Here is evidence that the Scottish Junior Curling Club was formed sometime in 1928. This clipping from the Scotsman reports on the first annual meeting of the club in November 1929, and indicates that the Club had been formed 'last year', that is, in 1928.

So, the Scottish Junior CC was in existence before the first Murray Trophy competition took place.

It should be pointed out that the Murray Trophy was a competition run at, and by, the Edinburgh Ice Rink. It was not, at that time, a national competition organised by the Royal Caledonian Curling Club. The Scottish Junior Curling Club curled out of the Edinburgh Ice Rink at Haymarket. The choice of name suggests that it did not want to be seen as just a club for Edinburgh young curlers.

In season 1929-30, the Murray Trophy was won by Biggar - Wm Brown (skip), Wilson Brown, J. Plenderleith, and A H Brown. Runners-up were Merchiston - R G Manson (skip), W Roberts, J Ainslie, and J Nisbet. John E Nisbet is listed as the Scottish Junior Club's Treasurer and Secretary, and other finalists are members of the Scottish Junior Club too.

This is the club's membership in the 1931-32 Annual. It certainly looks to be prospering, with twenty-nine members.

The previous season, the club had been awarded a Royal Club 'Local Medal' to encourage points play, although I cannot find who won this, or even if it was played for at all. Of course, the club already had a points medal, presented by Dr MacRobert and Mr D Reid back in 1929 at their first annual meeting. This was won by J Fordyce in 1931.

In the absence of old minute books, we do not have any record of the games played by members within the Scottish Junior Club.

However, the club also was matched to play for a District Medal against Temple in the 1932-33 season, but the result of this match is not recorded, if indeed it was ever played.

At the beginning of the 1932-33 season, the Scottish Junior Curling Club had nineteen members and a new Secretary and Treasurer.

This was J F Waugh, a name that would become well known in the years ahead. T B Murray was still the Patron. The President was R H Watherston. This last had been a member of the team that had been runners-up in the Murray Trophy the previous season. Linlithgow were the winners: A Paris (skip), A F Dickie, J Bennie, and I A MacKnight. Runners-up were the 'Co-optimists': R Dunlop (skip), R Watherston, J Ainslie, and J Forrest.

The Linlithgow juniors had been the first winners of the trophy back in 1929. Success spurs success, and local interest, and the Linlithgow Gazette newspaper reported that the 1930 contenders had played a match against veteran curlers on outside ice, on Linlithgow Loch, before their first games in the Edinburgh Rink in February, 1930. But they did not reach the final that year.
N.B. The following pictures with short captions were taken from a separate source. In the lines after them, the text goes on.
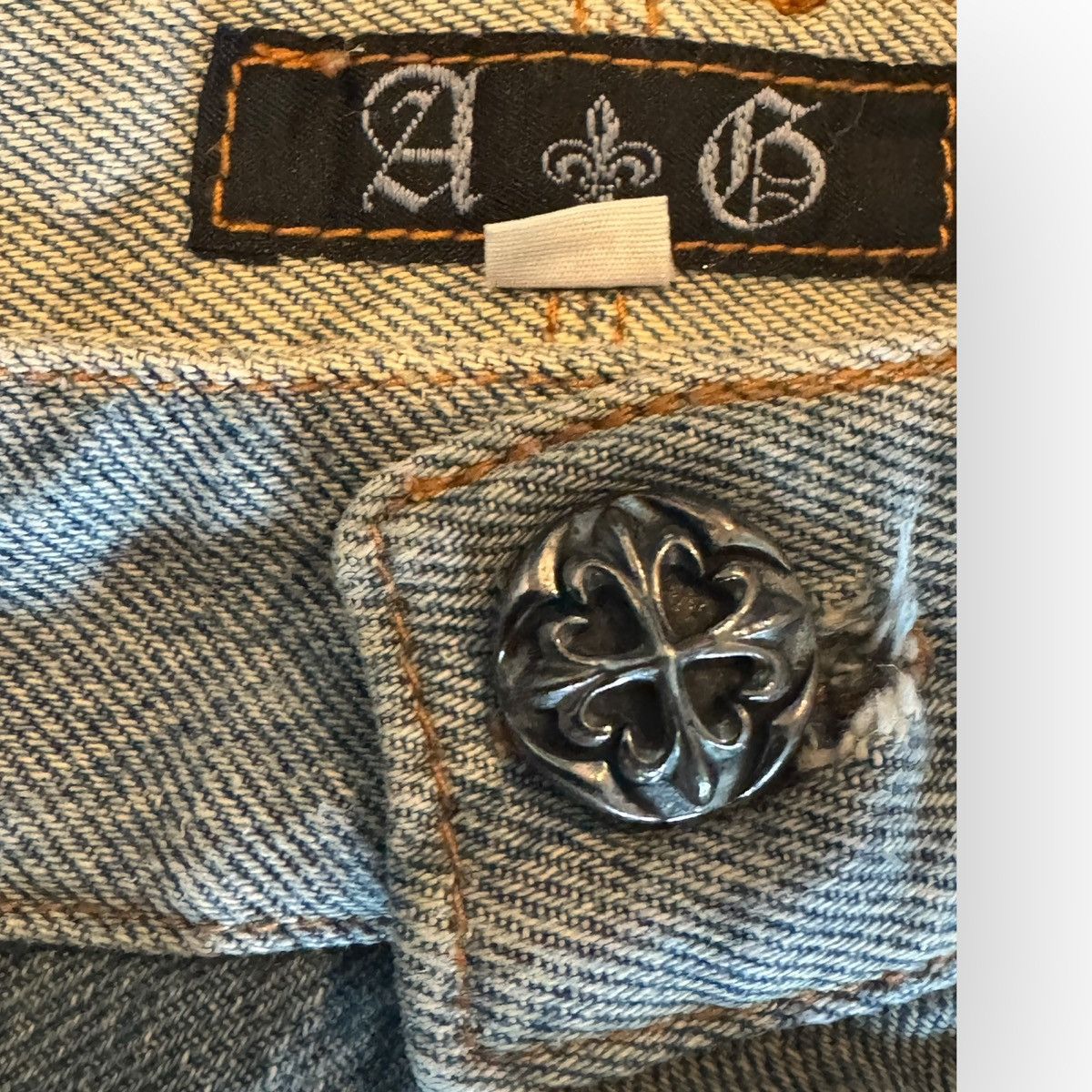 A&G Rock A&G Fleur Knee Flared Patchwork Denim Size US 34 / EU 50 - 5 Thumbnail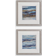 John Lewis & Partners Aquarius Set of 2 Art encadré 56x56cm 2pcs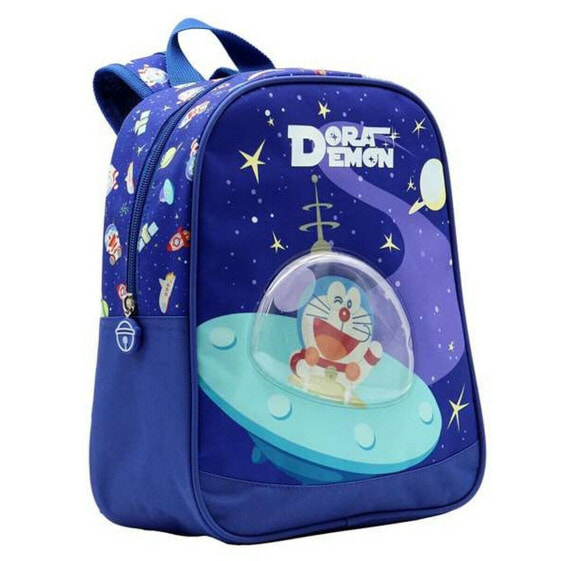 Child bag Doraemon 28 x 24 x 11 cm Dark blue (28 x 24 x 11 cm)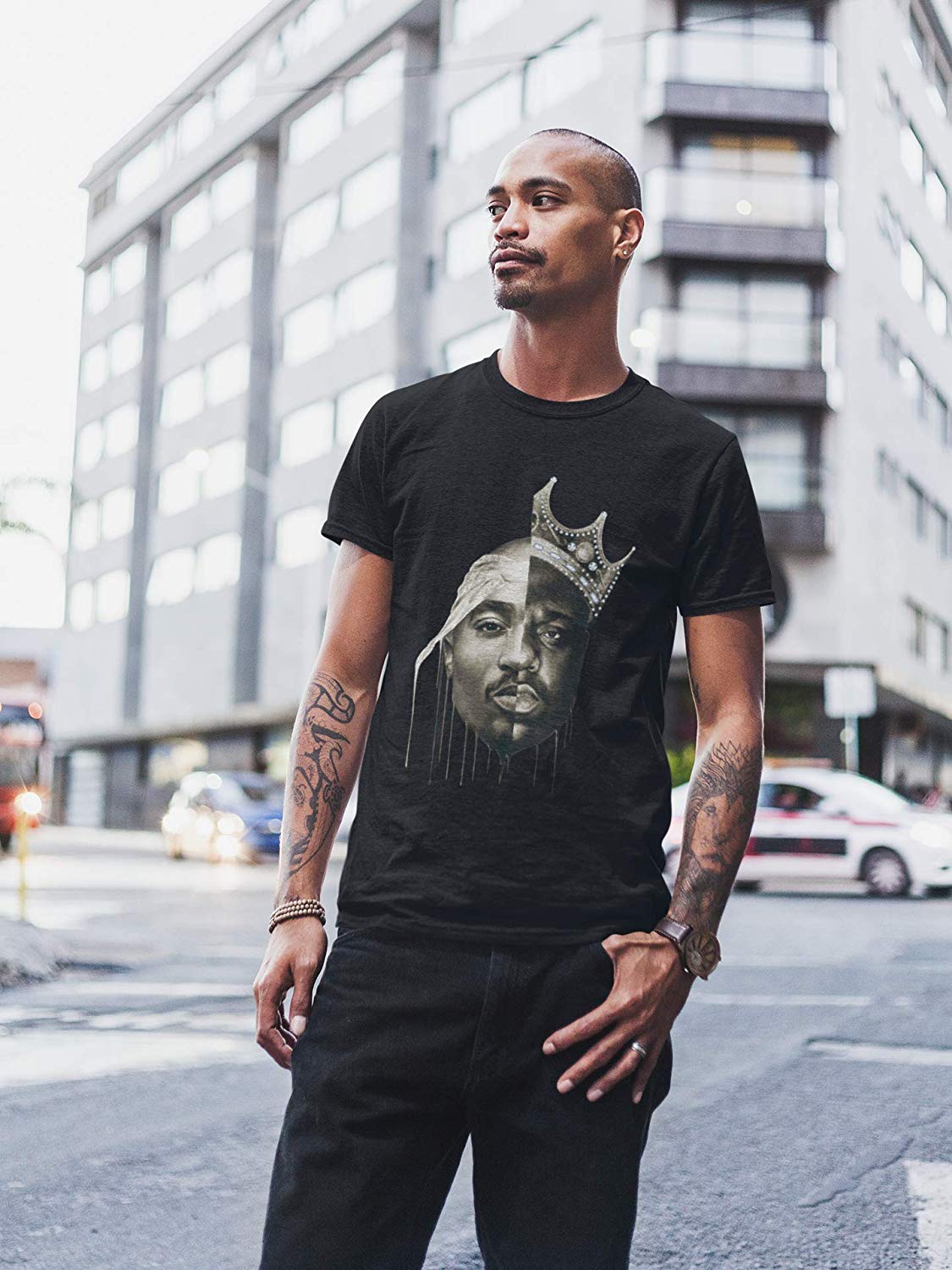 Just 1099 2Pac and Notorious Big Biggie Hip Hop Fan Rap Music Gift Idea T Shirt Suitable for Men Women Unisex Sizes S B07FQTRNDZ 2 nortorius BIG 2pac t-shirts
The newspaper even promoted the local young curlers in this article from March 20, 1931. As it turned out, they were beaten in the final by Biggar. However, in the following season, the trophy was won by a Linlithgow team (as mentioned earlier).

The Linlithgow Gazette reported on Friday, May 6, 1932, that the trophy 'of handsome design, has been on view in the window of H Shields and Sons'.

Three years on ...

This the last record of the playing of the Murray trophy as recorded in the Scotsman of Saturday, March 16, 1935, the final of that season's competition having been played on Friday, March 15.

 
Here's the last entry for the Scottish Junior Club in the Annual for 1935-36. That Annual also records that the D Reid and Dr MacRobert Points medal had been won by D Kyles, with 22 points. In second place was J F Waugh, 20 points. There is no indication that the club is in anything other than a healthy state.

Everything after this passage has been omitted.